Entre 1955 y 1959 mis padres nos llevaban a mi hermano y a mí a la vendimia. Era casi una liturgia de aquellos expatriados como un deber hacia los familiares que no pudieron emigrar. A lo largo del río Jamuz, en León, aparecía un ubérrimo viñedo de prieto picudo, mencía, garnacha tintorera y palomino entremezclados. El paisaje de los montículos de las bodegas subterráneas en medio de las viñas se asemejaba a los cementerios de guerra. Mi relación con el vino no había llegado, pero sí con el mosto. No entendía que aquel suculento sabor dulce desapareciera después de toda una serie de burbujeos en medio de la penumbra y humedad.
El vino de segadores y albañiles
Mi instinto infantil me colmaba de una curiosidad de un niño solitario, todavía sin amigos. Calzado con los fornidos zapatos de Segarra solía recorrer todo el entorno del derruido Cuartel de la Montaña. Vivía en la calle Ilustración, junto a la Estación del Norte y cerca de la Plaza de España. En aquellos años me llamaban la atención los innumerables solares todavía con los cimientos de las casas bombardeadas de la Guerra Civil que aún perduraban.
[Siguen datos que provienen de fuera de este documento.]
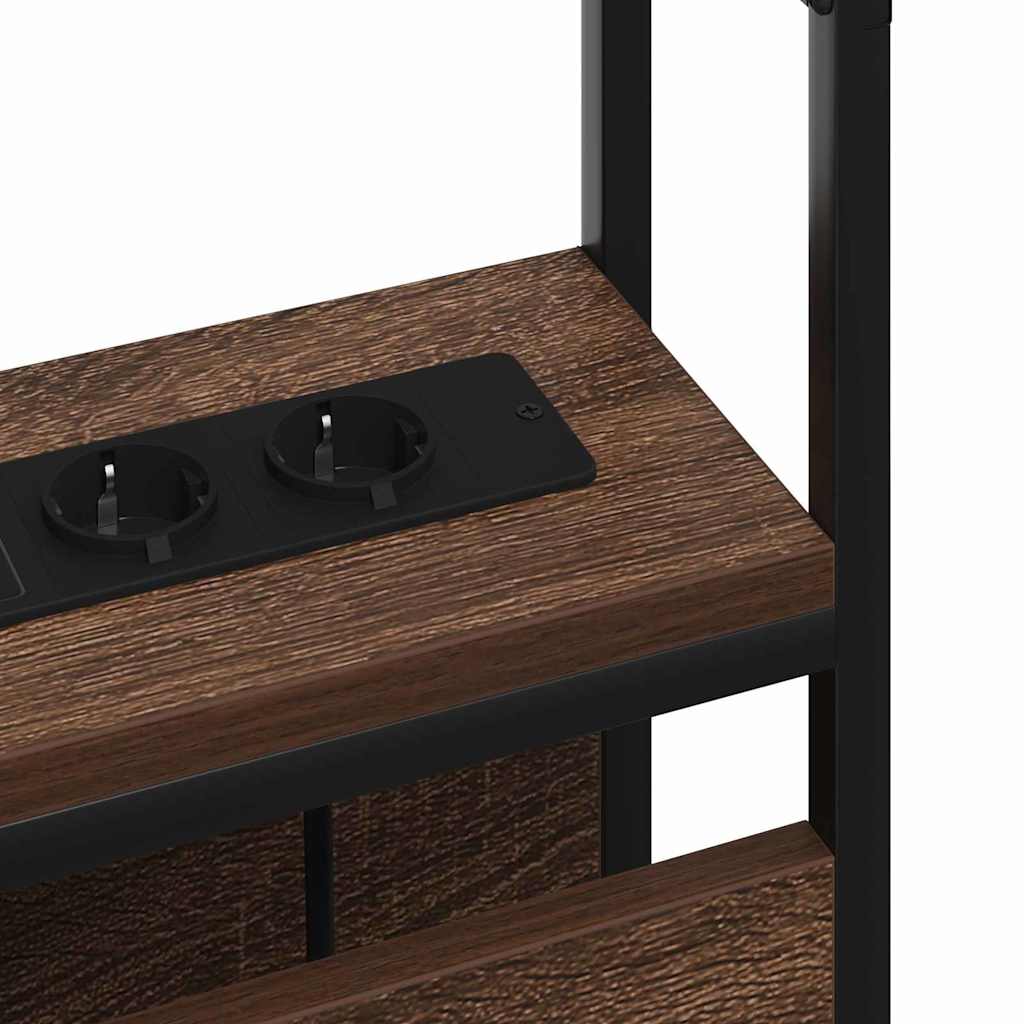 Testata contenitore Rovere marrone 80 cm Legno multistrato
En algunos de los restos subterráneos malvivían algunas familias gitanas. En otros solares, el Régimen se prestaba a construir deprisa y corriendo casas de Protección Oficial para eliminar cualquier vestigio de la Contienda. En cada edificación en construcción, los albañiles, algunos con pañuelos anudados en la cabeza, todos los días los veía sentados en el suelo a la hora de comer. Tartera en mano, unos a otros se pasaban unas botellas de anís rellenadas de vino a granel con el corcho perforado por una cánula de caña para beber a chorro. Este ingenioso tapón de corcho y la bota de vino los vendían en la calle Toledo como artículo de uso y consumo. Estos adminículos no dejaban de ser los mejores envases higiénicos para compartir el vino blanco porque era más barato que el tinto. Ensimismado viendo comer y beber a los operarios, uno de ellos se dirigió a mí: “chaval, ¿quieres un trago? Así serás mayor”. Nunca bebí vino y mi interés era más por ver si era capaz de acertar bebiendo a chorro. A mis 10 años mi primer encuentro con el vino fue un desastre, no solo por la mala puntería, entrando el vino por la nariz, sino por el sabor. ¿Cómo es posible que a los mayores les guste una bebida seca, ácida y amarga como el vino?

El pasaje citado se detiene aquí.